Crashed in Iran: Final flight of Vulcan XJ781

In 1955, the UK entered in to an alliance that with the benefit of hindsight seemed doomed to failure. It was known under a few names, it initially being referred to as the Baghdad Pact or the Middle East Treaty Organisation (METO) but was most commonly referred to as the Central Treaty Organisation (CENTO). The origins of the alliance can be traced back to a year prior when Turkey and Pakistan signed a treaty of mutual cooperation on defence matters. Encouraged by the United States in 1955, a new agreement was penned that added Iraq, Iran and perhaps most significantly the United Kingdom however the US itself was held back from formal involvement until 1958.

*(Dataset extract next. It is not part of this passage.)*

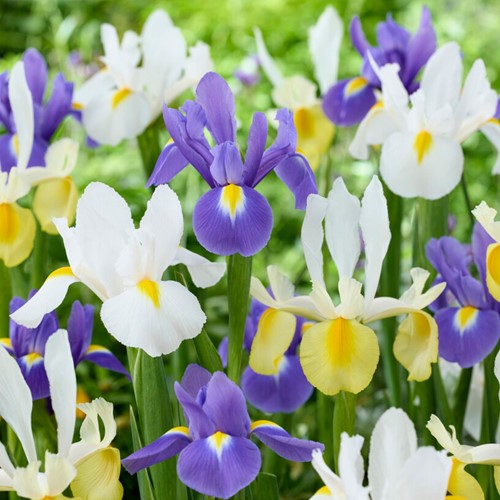 Iris Hollandica Mischung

In a nutshell, CENTO’s role was modelled along the lines of NATO in Western Europe with the goal being to establish a series of militarily powerful countries on the Soviet Union’s southern flank and to counter any communist revolutionary forces emerging in the Middle East. It was headquartered in Baghdad, Iraq until 1958 when Brigadier General Abd al-Karim Qasim of the Iraqi Army overthrew and killed the last King of Iraq, King Faisal II. Iraq then withdrew from CENTO and the headquarters was moved to Ankara in Turkey.

The 1960s were a tough time for the organisation. It’s existence was heavily criticised for its lack of action to help curb the first Indo-Pakistan War, the Six Day War, tensions between Turkey and Greece over Cyprus and it’s seeming lack of ability to prevent Communist revolutionary forces rising up across the Middle East. Even the UK and US, who should have been its biggest supporters, often bypassed it when dealing with specific issues and countries in the region. The US had to especially tread carefully when dealing with CENTO because of the strong pro-Israel lobby in Washington which viewed the alliance with suspicion.

For the UK, its military bases on Cyprus were of high importance for the alliance with the RAF’s Near East Air Force providing a nuclear strike capability with Avro Vulcan B.2s from early 1969. The aircraft were operated by Nos.9 and 35 Squadrons out of RAF Akrotiri which was by then the only RAF station left on the island after RAF Nicosia was forced to close in 1966 to become Cyprus International Airport.

One of the advantages of being a member of CENTO was that British military units could undertake deployments to member states which for RAF crews allowed them to gain invaluable experience operating over the Middle East. It was not uncommon for the long range Vulcans to fly to Iran or Turkey on goodwill flights or to train with their respective air forces and one place they would regularly visit was Shiraz Air Base in south-west Iran.

Avro Vulcan XJ781 B.2On May 23rd 1973, one such visitor to Shiraz was Avro Vulcan B.2 XJ781 operating with No.9 Squadron which, having completed a routine training mission turned towards the Iranian base for landing. In this instance, the usual crew of five were joined by a sixth man, an officer from the Imperial Iranian Air Force who was aboard acting as an observer. This was not uncommon but often proved problematic for the British crews as the observers almost never spoke any English leading to safety briefings being conducted with pointing at things hoping he understood. The observers also liked to smoke during the flight.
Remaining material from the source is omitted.